WHAT NEEDS TO BE DONE:
Beginning with the line that holds "多头集体出逃！黄金闪崩跌破1610美元、白银跌近5%下破16美元", retype the rest of the listing exactly, last line included.

DATA RECORDS:
╭──

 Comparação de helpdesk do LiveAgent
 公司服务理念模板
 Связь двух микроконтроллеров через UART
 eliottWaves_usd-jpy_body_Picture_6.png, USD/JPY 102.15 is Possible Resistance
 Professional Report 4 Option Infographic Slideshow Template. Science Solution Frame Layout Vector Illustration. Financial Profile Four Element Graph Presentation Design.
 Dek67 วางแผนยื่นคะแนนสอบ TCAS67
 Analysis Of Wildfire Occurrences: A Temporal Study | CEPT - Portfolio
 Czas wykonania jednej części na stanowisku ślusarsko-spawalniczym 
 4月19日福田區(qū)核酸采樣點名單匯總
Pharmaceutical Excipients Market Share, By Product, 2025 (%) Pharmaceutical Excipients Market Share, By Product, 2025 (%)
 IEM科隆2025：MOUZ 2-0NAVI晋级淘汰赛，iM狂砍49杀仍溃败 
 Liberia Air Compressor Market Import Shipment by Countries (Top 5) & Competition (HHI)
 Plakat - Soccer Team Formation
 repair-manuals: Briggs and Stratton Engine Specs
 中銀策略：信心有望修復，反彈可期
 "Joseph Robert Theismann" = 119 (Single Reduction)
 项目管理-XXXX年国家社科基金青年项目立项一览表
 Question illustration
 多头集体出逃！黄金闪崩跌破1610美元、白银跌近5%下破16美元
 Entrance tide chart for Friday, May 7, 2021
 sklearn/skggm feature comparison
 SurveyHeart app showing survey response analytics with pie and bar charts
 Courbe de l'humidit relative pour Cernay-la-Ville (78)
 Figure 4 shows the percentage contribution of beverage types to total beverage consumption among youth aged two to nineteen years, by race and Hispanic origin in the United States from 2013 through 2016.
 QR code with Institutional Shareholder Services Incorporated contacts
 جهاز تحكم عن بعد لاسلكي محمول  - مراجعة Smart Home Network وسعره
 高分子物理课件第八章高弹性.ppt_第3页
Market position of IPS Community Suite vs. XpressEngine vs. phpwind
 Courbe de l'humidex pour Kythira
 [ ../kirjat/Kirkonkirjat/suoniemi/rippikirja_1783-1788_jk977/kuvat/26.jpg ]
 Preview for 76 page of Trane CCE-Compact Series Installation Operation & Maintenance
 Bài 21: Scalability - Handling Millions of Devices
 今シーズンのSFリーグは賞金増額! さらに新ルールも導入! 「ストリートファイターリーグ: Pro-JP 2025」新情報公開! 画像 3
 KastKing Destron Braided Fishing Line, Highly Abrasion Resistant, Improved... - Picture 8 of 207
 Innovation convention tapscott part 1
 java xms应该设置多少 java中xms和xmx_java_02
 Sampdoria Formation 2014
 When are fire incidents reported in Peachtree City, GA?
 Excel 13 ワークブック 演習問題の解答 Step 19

╰──

RESULT BELOW:
 多头集体出逃！黄金闪崩跌破1610美元、白银跌近5%下破16美元
 Entrance tide chart for Friday, May 7, 2021
 sklearn/skggm feature comparison
 SurveyHeart app showing survey response analytics with pie and bar charts
 Courbe de l'humidit relative pour Cernay-la-Ville (78)
 Figure 4 shows the percentage contribution of beverage types to total beverage consumption among youth aged two to nineteen years, by race and Hispanic origin in the United States from 2013 through 2016.
 QR code with Institutional Shareholder Services Incorporated contacts
 جهاز تحكم عن بعد لاسلكي محمول  - مراجعة Smart Home Network وسعره
 高分子物理课件第八章高弹性.ppt_第3页
Market position of IPS Community Suite vs. XpressEngine vs. phpwind
 Courbe de l'humidex pour Kythira
 [ ../kirjat/Kirkonkirjat/suoniemi/rippikirja_1783-1788_jk977/kuvat/26.jpg ]
 Preview for 76 page of Trane CCE-Compact Series Installation Operation & Maintenance
 Bài 21: Scalability - Handling Millions of Devices
 今シーズンのSFリーグは賞金増額! さらに新ルールも導入! 「ストリートファイターリーグ: Pro-JP 2025」新情報公開! 画像 3
 KastKing Destron Braided Fishing Line, Highly Abrasion Resistant, Improved... - Picture 8 of 207
 Innovation convention tapscott part 1
 java xms应该设置多少 java中xms和xmx_java_02
 Sampdoria Formation 2014
 When are fire incidents reported in Peachtree City, GA?
 Excel 13 ワークブック 演習問題の解答 Step 19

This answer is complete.